▸ **WORK REQUEST**: When the line with "Grüner Binärcode und" turns up below, begin repeating exactly, and carry on through the line with "1st image of 23816 Ferdinand St"; no pictures go into the copy.

[[ SOURCE DATA, beginning ]]

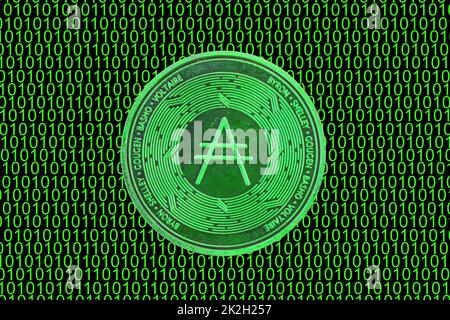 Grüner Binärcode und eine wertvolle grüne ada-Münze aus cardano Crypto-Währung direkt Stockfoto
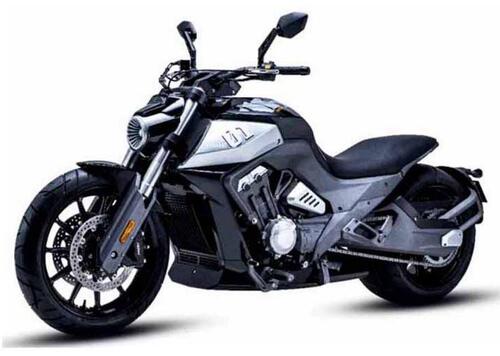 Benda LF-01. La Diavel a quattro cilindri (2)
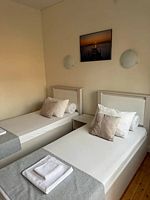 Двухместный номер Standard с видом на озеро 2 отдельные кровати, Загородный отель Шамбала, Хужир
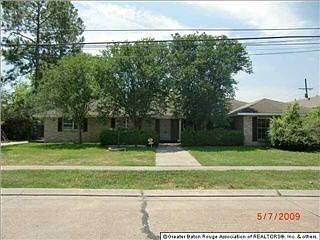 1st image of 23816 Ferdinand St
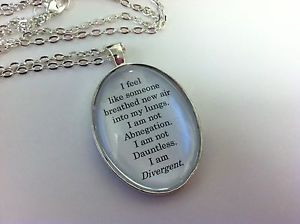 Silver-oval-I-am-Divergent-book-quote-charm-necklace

[[ SOURCE DATA, end ]]
[[ SOURCE DATA, beginning ]]

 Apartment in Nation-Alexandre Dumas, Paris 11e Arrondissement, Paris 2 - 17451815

[[ SOURCE DATA, end ]]
[[ SOURCE DATA, beginning ]]

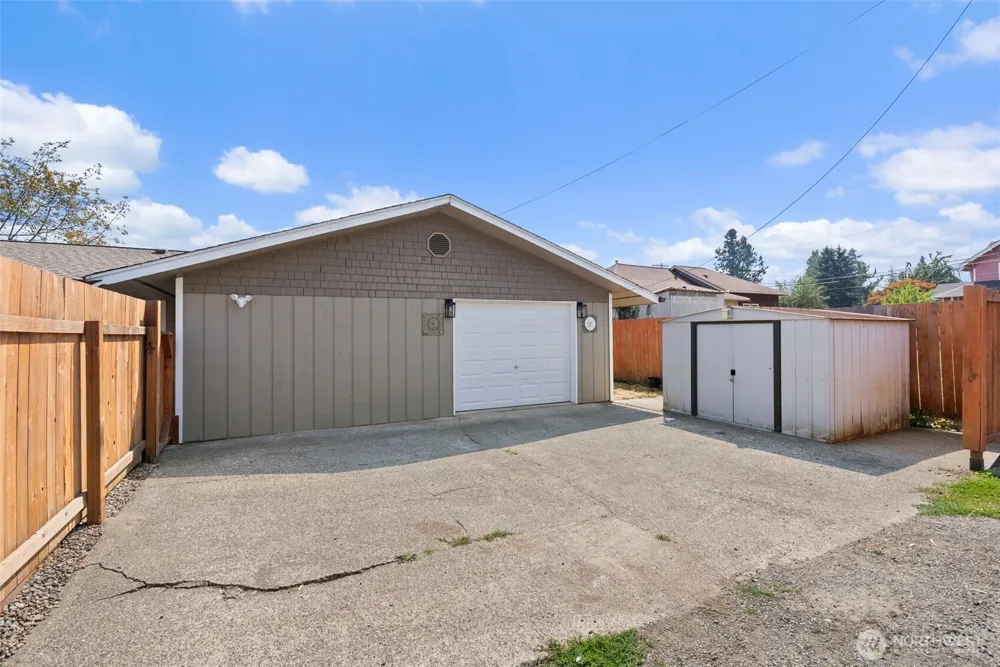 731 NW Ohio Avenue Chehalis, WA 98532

[[ SOURCE DATA, end ]]

▸ **ANSWER FOR THE TASK**:
 Grüner Binärcode und eine wertvolle grüne ada-Münze aus cardano Crypto-Währung direkt Stockfoto
 Benda LF-01. La Diavel a quattro cilindri (2)
 Двухместный номер Standard с видом на озеро 2 отдельные кровати, Загородный отель Шамбала, Хужир
 1st image of 23816 Ferdinand St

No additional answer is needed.